Article Text

Download PDFPDF

Automated analysis of digital oximetry in the diagnosis of obstructive sleep apnoea
  1. Juan-Carlos Vázquez,
  2. Willis H Tsai,
  3. W Ward Flemons,
  4. Akira Masuda,
  5. Rollin Brant,
  6. Eric Hajduk,
  7. William A Whitelaw,
  8. John E Remmers
  1. Division of Respiratory Medicine, Department of Medicine, University of Calgary, Calgary, Alberta, Canada T2N 4N1
  1. Dr J E Remmers

Statistics from

Obstructive sleep apnoea (OSA) is a common disorder, occurring in 2% and 4% of middle aged women and men, respectively.1 The gold standard diagnostic test for OSA is overnight polysomnography (PSG). Because of the cost and requirement for technical expertise, a number of alternatives to PSG have been proposed.2 Oximetry is particularly appealing because of its widespread availability but results from previous studies have been variable, with sensitivities ranging from 40% to 100%.3-8 In 240 consecutive patients Sérieset al found that oximetry had a 98% sensitivity for diagnosing OSA (apnoea hypopnoea index (AHI) ⩾10/h) but a specificity of only 48%.8

We have previously described a monitor which used snoring (primarily) and oxygen saturation (secondarily) to identify respiratory events.9 In 129 patients referred for assessment of sleep apnoea who were evaluated with simultaneously performed PSG, the sensitivity and specificity ranged from 84% to 90% and from 95% to 98%, respectively, depending on the AHI diagnostic criterion employed. However, these findings were limited by possible bias since a prospective consecutive sample of patients was not used and the interpretative algorithm was developed retrospectively.

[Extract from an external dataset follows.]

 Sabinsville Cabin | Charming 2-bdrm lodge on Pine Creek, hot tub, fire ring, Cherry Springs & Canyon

In a subsequent unpublished pilot study the diagnostic performance of this monitor was improved by modifying the oximetry analysis algorithm and eliminating the snoring signal from the analysis process entirely. We prospectively validated the new automated analysis algorithm (AAA) in a randomly selected group of patients referred to a university-based tertiary sleep referral centre.

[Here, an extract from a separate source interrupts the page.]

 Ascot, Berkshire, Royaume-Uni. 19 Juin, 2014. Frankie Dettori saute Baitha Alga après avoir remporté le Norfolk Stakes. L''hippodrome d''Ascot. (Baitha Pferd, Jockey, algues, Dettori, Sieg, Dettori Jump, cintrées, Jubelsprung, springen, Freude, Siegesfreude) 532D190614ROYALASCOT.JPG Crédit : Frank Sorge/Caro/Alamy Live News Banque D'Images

Patients were recruited from the Alberta Lung Association Sleep Centre, which is the major sleep referral centre for southern Alberta. All referrals were considered eligible unless they met one or more of the following exclusion criteria: age <18 years, history of neuromuscular disease, severe lung disease (forced expiratory volume in one second (FEV1) <50% predicted), severe daytime hypoxaemia (Pao 2 <7.3 kPa), severe coronary artery disease (unstable angina, more than three angina episodes/week, myocardial infarction, or coronary artery bypass surgery in the previous six months), out of town residence, referral for chronic insomnia (without symptoms of snoring, gasping or choking), restless leg syndrome, night terrors, history of psychiatric conditions requiring the use of tranquillisers, or a language barrier.

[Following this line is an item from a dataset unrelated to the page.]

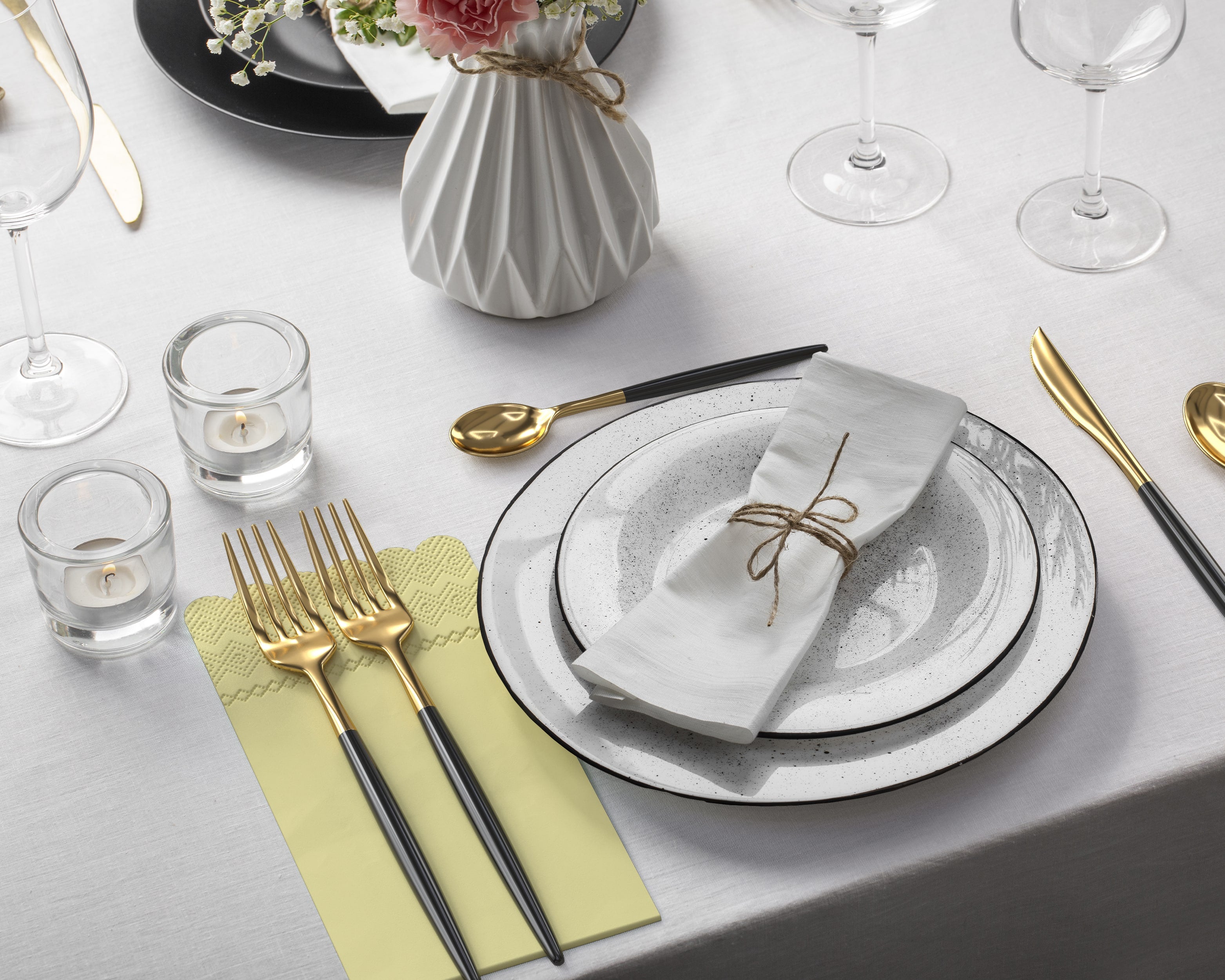3 Ply Buttercup Yellow Scalloped Dinner Napkins | 100 Count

The number of patients referred to the sleep centre exceeded the ability of the laboratory to study a consecutive sample of patients in a timely fashion so a random sample (n = 326) of consecutive patients referred for possible OSA was identified prior to physician assessment. The first 81 patients underwent in-laboratory PSG and home monitoring and the remaining 245 patients underwent in-laboratory PSG and the oximeter signal was digitally recorded for use by the off line automated analysis algorithm. This group formed the population sample for this study. Simultaneous PSG and digital recording of oximetry was initiated after differences in PSG derived AHI and home monitor derived respiratory disturbance index (RDI) were observed in the first 81 patients. In order to determine whether differences between the home monitor and PSG were due to variability associated with the home environment, night to night variability, or bias intrinsic to the analysis algorithm, it was necessary to analyse in-laboratory performance of the automated analysis algorithm independent of the home environment. The home monitoring study will be reported in a separate paper.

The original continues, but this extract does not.